What are your thoughts on BDS?
I’ve said in almost all the interviews about BDS that I reject the ideas of this movement because it doesn’t only ask for a boycott of the State of Israel but also it wants a boycott of all the Israeli artists and academics. I think that cannot further the discussion.
What are your ideal plans for the museum?
What I find very important is that the Jewish Museum in Berlin will be a place for Jews and non-Jews alike because this Jewish history in Germany is a shared history. Up to now, a very large percentage of the visitors, 75%, came from abroad, which is wonderful. And I really hope that in the near future, they will be able to visit here in these great numbers again.
But my goal is also to reach out especially to Berlin residents and to Germans because I want the museum to be a socially relevant place and to play a social role in society. And to achieve that, we need to reach the people who make up that society — and those are the people who live here in Germany.
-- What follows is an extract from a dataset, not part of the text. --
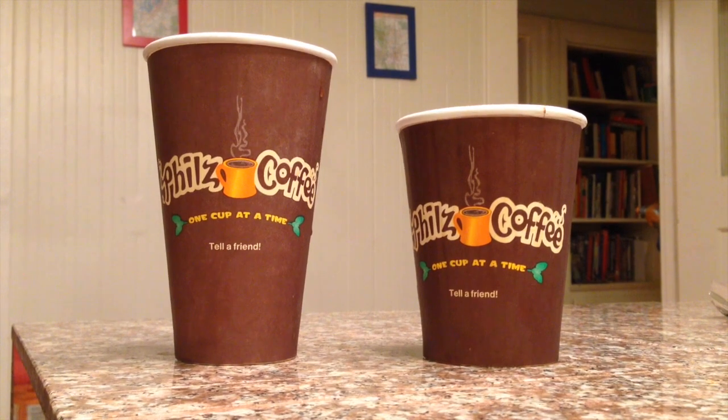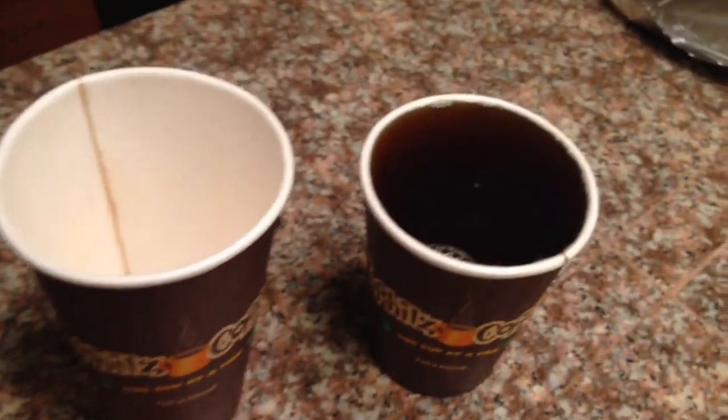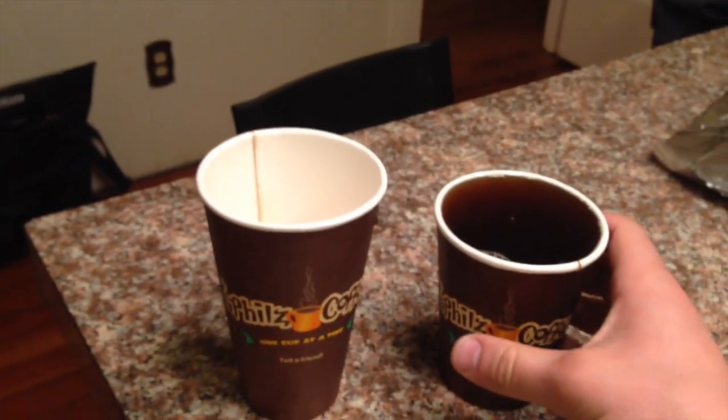The large Phil's coffee cup costs about 25% more, so I'd hope I'd get about 25% more coffee. We have a totally full small on the right and a totally empty large here on the left.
Especially because of all of the themes that we’re talking about here: belonging and exclusion and acculturation and keeping your own identity and diversity. These are the pressing issues of today, but they were also important throughout history.
Besides the permanent exhibition, what other kinds of exhibits can people can expect to see?
Our first temporary exhibition, opening in February, will be called “Redemption Now” by Yael Bartana and it’s her first big solo exhibition here in Germany. She’s originally from Israel, but she lived for many years in Amsterdam and now she spends her time between Berlin and Amsterdam. Yael Bartana is one of the very best contemporary video artists and she is working with Jewish themes. The Jewish Museum Berlin also gave her an assignment for new video work about Berlin and it’s called “Malka Germania.”
Next year is a very important year because it’s 1,700 years of Jewish life in Germany. It will be celebrated in a number of ways and through Germany. Three hundred and fifty years of the Jewish community in Berlin will also be celebrated and we have our 20th Jubilee next year. For the 350th anniversary in Berlin, we will also have an exhibition about Moses Mendelssohn, who was, of course, a very important figure –not just for Berlin and Germany but for Judaism as a whole. And we’ll have an exhibition of the work of the photographer Frederic Brenner, who made a project on the performance of Jewishness in Berlin today.
For the program further ahead, we’re most certainly going to do an exhibition on Jews in the DDR [German Democratic Republic, or East Germany]. This is a topic where not so much research has been done.
What’s the latest with the new children’s museum that has been in the works for four years?
We were supposed to open with great festivities on the 18th of May our new core exhibition and the Children’s World ANOHA. Our new children’s museum tells the story of Noah’s Ark with topics like sustainability, climate, how to live together, how to deal with natural resources and how to deal with all those different species of animals that have to live together on this ark. More than 150 animals have been made by artists from recycled materials. It’s very, very beautiful.
Because it’s very hands-on, we’re not able to open it now, not until November. But that will be a completely new offering here in the neighborhood. It will be very family friendly and open to all cultures, so I really hope that this will become an important center for the neighborhood.